Il connubio pensioni e giovani è tabù come lavoro e futuro. Gran parte dei giovani (da 20 anni in su) vede un futuro incerto, svolge un lavoro precario o discontinuo.

Secondo quanto riporta La Stampa, i giovani italiani detengono il primato (53%) del pessimismo riguardo al futuro. Per loro, come per i ragazzi francesi e turchi, il mondo è un posto che va peggiorando.

Mediamente, per un ragazzo è già difficile trovare un impiego: figuriamoci mantenere il lavoro o sperare nella pensione.

L’Italia è il terzo peggior Paese europeo per disoccupazione giovanile.

A complicare la situazione intervengono fattori come la forte scolarizzazione che porta ad aumentare gli anni di studio e, di conseguenza, ad entrare più tardi nel mondo del lavoro rispetto alle generazioni precedenti. Il diploma oggi non basta più per trovare un lavoro ben retribuito o trovare lavoro in genere, bisogna conseguire la laurea.

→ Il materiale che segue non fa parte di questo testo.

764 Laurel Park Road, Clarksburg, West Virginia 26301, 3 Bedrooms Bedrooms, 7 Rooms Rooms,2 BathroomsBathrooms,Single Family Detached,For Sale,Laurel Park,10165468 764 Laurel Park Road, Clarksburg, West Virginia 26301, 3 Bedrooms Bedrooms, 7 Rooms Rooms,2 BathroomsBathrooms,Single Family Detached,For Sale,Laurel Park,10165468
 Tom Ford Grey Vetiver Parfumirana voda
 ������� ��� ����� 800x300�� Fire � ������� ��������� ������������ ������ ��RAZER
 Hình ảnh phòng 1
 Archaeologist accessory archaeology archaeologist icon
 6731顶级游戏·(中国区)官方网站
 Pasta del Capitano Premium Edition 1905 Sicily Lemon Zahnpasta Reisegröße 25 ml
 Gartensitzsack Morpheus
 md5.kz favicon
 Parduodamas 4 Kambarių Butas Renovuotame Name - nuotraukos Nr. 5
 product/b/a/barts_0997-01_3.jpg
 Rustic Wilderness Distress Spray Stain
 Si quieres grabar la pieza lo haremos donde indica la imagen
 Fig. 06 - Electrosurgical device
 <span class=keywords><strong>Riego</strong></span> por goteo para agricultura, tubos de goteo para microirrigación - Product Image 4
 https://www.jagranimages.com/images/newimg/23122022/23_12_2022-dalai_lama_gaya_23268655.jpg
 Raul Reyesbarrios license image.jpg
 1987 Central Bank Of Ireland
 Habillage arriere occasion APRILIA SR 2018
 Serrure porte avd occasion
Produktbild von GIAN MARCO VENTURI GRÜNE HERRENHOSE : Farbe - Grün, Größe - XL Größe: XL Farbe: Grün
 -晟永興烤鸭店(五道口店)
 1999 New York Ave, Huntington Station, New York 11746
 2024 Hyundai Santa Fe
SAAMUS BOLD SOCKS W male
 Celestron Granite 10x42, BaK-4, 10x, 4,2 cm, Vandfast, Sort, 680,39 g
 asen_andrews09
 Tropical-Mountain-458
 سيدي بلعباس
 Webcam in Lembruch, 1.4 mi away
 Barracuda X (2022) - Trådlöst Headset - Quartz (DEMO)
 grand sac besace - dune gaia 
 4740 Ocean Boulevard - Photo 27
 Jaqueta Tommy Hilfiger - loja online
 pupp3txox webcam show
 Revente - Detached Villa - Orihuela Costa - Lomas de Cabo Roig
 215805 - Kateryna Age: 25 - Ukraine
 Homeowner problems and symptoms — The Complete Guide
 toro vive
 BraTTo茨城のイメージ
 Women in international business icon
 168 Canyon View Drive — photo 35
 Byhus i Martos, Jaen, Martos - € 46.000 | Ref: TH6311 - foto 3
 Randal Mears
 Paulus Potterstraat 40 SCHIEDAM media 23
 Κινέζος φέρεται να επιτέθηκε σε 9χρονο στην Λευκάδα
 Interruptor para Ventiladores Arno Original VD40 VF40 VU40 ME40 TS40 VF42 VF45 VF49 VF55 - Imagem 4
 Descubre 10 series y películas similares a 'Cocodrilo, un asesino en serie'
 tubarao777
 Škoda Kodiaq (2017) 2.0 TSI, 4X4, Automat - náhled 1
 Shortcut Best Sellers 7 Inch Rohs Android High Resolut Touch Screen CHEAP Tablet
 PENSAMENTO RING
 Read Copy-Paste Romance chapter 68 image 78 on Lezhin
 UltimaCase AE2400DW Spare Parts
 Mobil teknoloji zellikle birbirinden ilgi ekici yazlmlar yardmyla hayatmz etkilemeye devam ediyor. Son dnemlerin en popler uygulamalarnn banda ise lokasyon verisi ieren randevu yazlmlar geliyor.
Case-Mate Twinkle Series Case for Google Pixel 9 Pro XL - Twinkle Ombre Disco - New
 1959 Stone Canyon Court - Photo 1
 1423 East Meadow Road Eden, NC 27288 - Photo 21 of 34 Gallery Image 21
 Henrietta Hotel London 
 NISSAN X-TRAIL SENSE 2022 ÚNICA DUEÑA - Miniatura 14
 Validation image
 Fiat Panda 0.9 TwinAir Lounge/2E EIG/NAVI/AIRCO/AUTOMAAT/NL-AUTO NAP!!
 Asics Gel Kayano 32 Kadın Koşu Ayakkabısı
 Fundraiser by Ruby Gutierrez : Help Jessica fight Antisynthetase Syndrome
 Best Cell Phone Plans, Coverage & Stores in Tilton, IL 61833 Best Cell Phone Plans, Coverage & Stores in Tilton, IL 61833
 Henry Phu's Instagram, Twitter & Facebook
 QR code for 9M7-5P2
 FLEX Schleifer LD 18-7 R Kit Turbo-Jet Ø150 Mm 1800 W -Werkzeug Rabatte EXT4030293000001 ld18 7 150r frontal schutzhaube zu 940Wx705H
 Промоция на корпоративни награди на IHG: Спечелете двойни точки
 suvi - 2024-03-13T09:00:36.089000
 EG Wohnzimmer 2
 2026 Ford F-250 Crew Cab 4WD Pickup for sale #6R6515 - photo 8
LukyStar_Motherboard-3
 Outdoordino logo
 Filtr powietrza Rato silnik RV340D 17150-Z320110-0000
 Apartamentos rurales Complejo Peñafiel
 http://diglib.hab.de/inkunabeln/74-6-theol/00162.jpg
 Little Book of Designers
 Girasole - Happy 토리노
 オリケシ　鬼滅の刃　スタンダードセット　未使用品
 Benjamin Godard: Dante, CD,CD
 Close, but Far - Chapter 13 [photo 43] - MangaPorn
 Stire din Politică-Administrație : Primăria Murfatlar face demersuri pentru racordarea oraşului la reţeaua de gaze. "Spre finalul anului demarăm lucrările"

Pensioni, lavoro e giovani: situazione del lavoro giovanile in Italia

Secondo i dati Istat, il 37% dei giovani italiani intervistati ha un lavoro stabile, mentre il 24% è disoccupato. Soltanto il 12% possiede una casa di proprietà.

Un lavoro stabile, mediamente, arriva dopo i 35 anni, il 55% dei giovani ha lavorato in nero almeno una volta nella vita, il 37,5% ha accettato una retribuzione inferiore pur di lavorare. Non sono pochi i ragazzi che devono pagare per lavorare, senza contare gli stage (retribuiti o meno) o il problema dell’apprendistato.

Trovare lavoro diventa sempre più difficile, il tasso di disoccupazione cresce.

La mancanza di lavoro o il lavoro precario porterà a due conseguenze significative: da una parte, poche pensioni per i giovani di oggi, dall’altra pochi futuri lavoratori (considerando il crollo delle nascite) che pagheranno per i futuri pensionati.

Le donne che percepiscono una pensione sono la metà degli uomini perché il tasso di occupazione femminile nel nostro Paese è molto inferiore. In più, le donne devono ancora sopportare una differenza di salario (inferiore rispetto agli uomini), le loro carriere sono discontinue e durano meno.

Pensioni e giovani: ipotesi di soluzioni

Orizzonti politici, di recente, ha parlato bene del cosiddetto “Lump of labour Theory”, una teoria stilata da certi economisti inglesi nell’Ottocento. Si basa sull’ipotesi di un’offerta di lavoro fissa da distribuire sull’intera popolazione attiva. L’idea è quella di spalmare le ore di una giornata di lavoro su più lavoratori per impiegare più persone riducendo la giornata lavorativa. Darebbe sicuramente più spazio ai giovani rendendo l’offerta di lavoro più stabile. Peccato che si tratti di un’utopia: non considera le diverse competenze, esperienze e capacità dei lavoratori che non sono tutti uguali.

Un’ipotesi simile alla teoria inglese è la ‘staffetta generazionale‘ proposta dal ministro Giovannini nel 2013: prevede l’entrata nel mondo del lavoro tramite incentivi fiscali e meno burocrazia nelle assunzioni.

L’esperimento del prepensionamento di Quota 100, come ha spiegato Bankitalia, non ha portato ad effetti incoraggianti: sostituire i vecchi lavoratori con dei nuovi non ha fatto aumentare i posti di lavoro.

Una soluzione concreta, ad oggi, non è stata ancora trovata.